We can see that several benchmarks display no difference or get very slightly worse, but a couple (threads003 and threads006) see a big jump in performance. threads003 is an old variant on threadring, and threads006 is a microbenchmark for throwTo. I don’t fully understand the difference in performance here, but typically I don’t investigate when things go faster, only when they go slower.
GHC itself got a little faster: 1-2% when compiling Cabal.
But what you really wanted to know was… what about threadring, right? Well, it currently goes a few percent slower with the new changes. However, I notice that it’s allocating a lot more than before, so I think there’s something suspicious going on. I shall investigate…
Update: some more results
!BinaryTrees, from the shootout:
- before: 64.26s
- after: 17.61s
So I guess the problem with !BinaryTrees was more to do with repeated stack traversals than it was to do with a low mortality rate. Nice that we can get good performance from this program without tweaking the heap settings at all now.
Hackage benchmarks, from David Peixotto’s fibon benchmark suite:
--------------------------------------------------------------------------------
Program Size Allocs Runtime Elapsed TotalMem
--------------------------------------------------------------------------------
Agum +306.5% +3.5% +0.8% +0.9% +0.0%
Bzlib ----- ----- ----- ----- -----
Cpsa +125.1% +2.1% -2.2% -2.3% +0.0%
Crypto ----- ----- ----- ----- -----
Fgl +408.9% +0.1% +2.0% +2.0% -5.4%
Fst +137.7% -0.0% -4.4% -4.3% +0.0%
Funsat +151.4% +0.2% +1.7% +1.8% -2.0%
Gf 13990k 13885653k 9.03 9.60 116736k
HaLeX +195.9% +0.0% +1.2% +1.1% +0.0%
Happy +135.0% +3.3% -5.3% -5.4% -13.7%
Hgalib +236.7% +1.0% +0.7% +0.7% +0.0%
Palindromes +243.1% -10.1% +3.4% +3.4% +2.1%
Pappy +148.9% +0.5% +3.7% +3.8% -17.7%
QuickCheck +139.5% -0.1% -1.6% -1.6% +0.0%
Regex +182.1% +0.0% +3.5% +3.5% -21.4%
Simgi +159.3% +0.0% +6.9% +6.9% +0.0%
TernaryTrees +519.4% -2.0% -32.4% -32.7% -14.3%
Xsact +246.4% +1.2% +0.9% +0.9% -0.6%
--------------------------------------------------------------------------------
Min +125.1% -10.1% -32.4% -32.7% -21.4%
Max +519.4% +3.5% +6.9% +6.9% +2.1%
Geometric Mean +207.6% -0.1% -1.9% -1.9% -5.2%One or two nice ones in there: !TernaryTrees, Happy, Fst all look good. Simgi probably deserves further investigation.
Notice how the overall memory size is reducing too, by 5% on average.

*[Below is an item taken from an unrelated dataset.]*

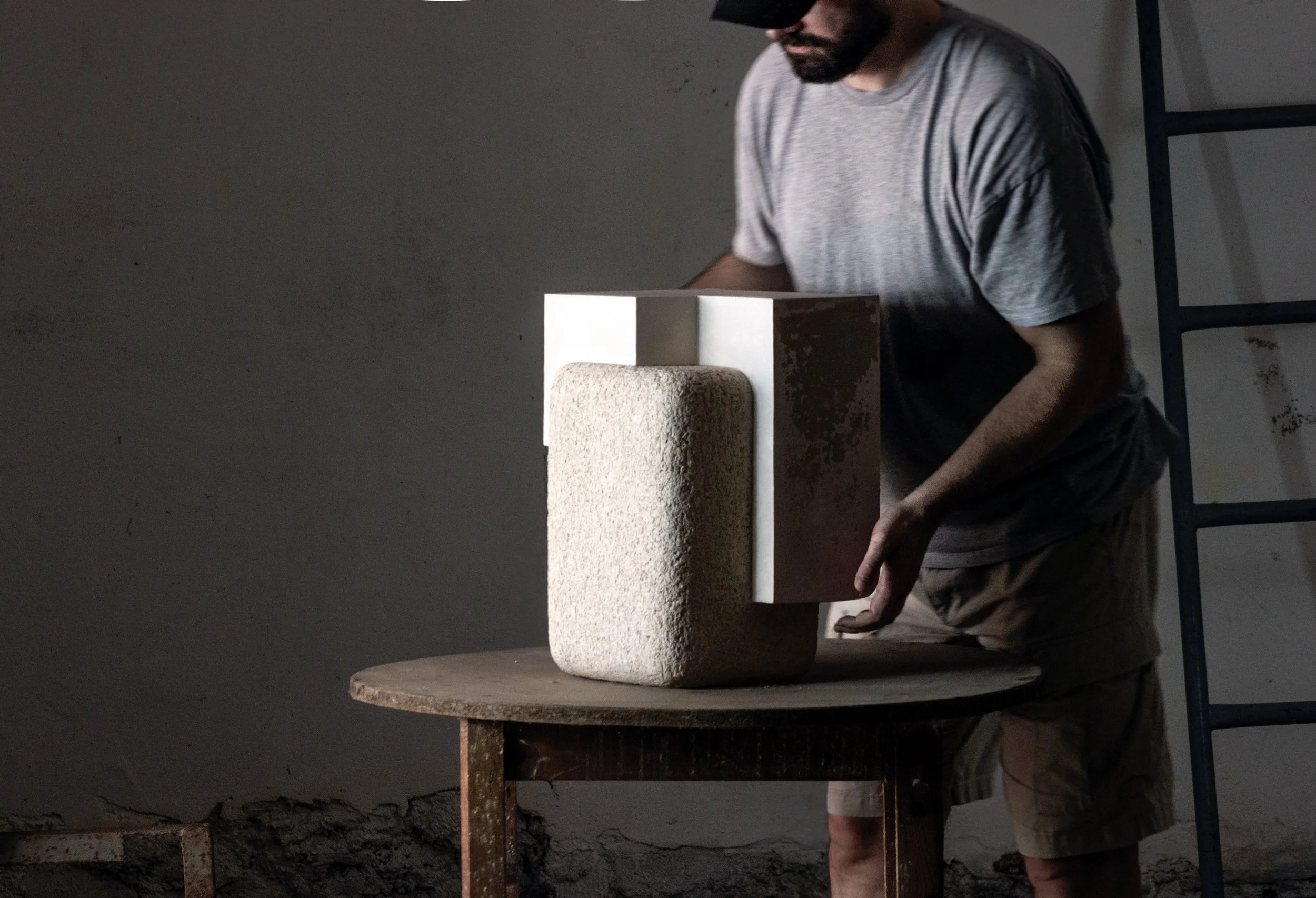 Polish artist Marek Cwiek creates modern art in stoneware, metal, and stone. Coalescence sculpture, exclusively at Studiotwentyseven Gallery, New York.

Update 2: threadring results
threadring 10000000, without -threaded:
- 6.12.3: 1.50s
- 7.0.1: 2.05s
- HEAD with stack patches: 1.67s
So the stack patches recovered almost all the performance lost between 6.12.3 and 7.0.1 on non-threaded threadring. The performance lost in 7.0.1 was due to the BLACKHOLE changes and some other changes to fix pathological cases of bad MVar performance.
More interesting are the -threaded numbers:
- 6.12.3: 5.86s
- 7.0.1: 3.00s
- HEAD with stack patches: 2.31s
The new code is very clearly winning here. I spent a little while with the perf tool on Linux trying to understand the results, but wasn’t able to fully account for it, sadly.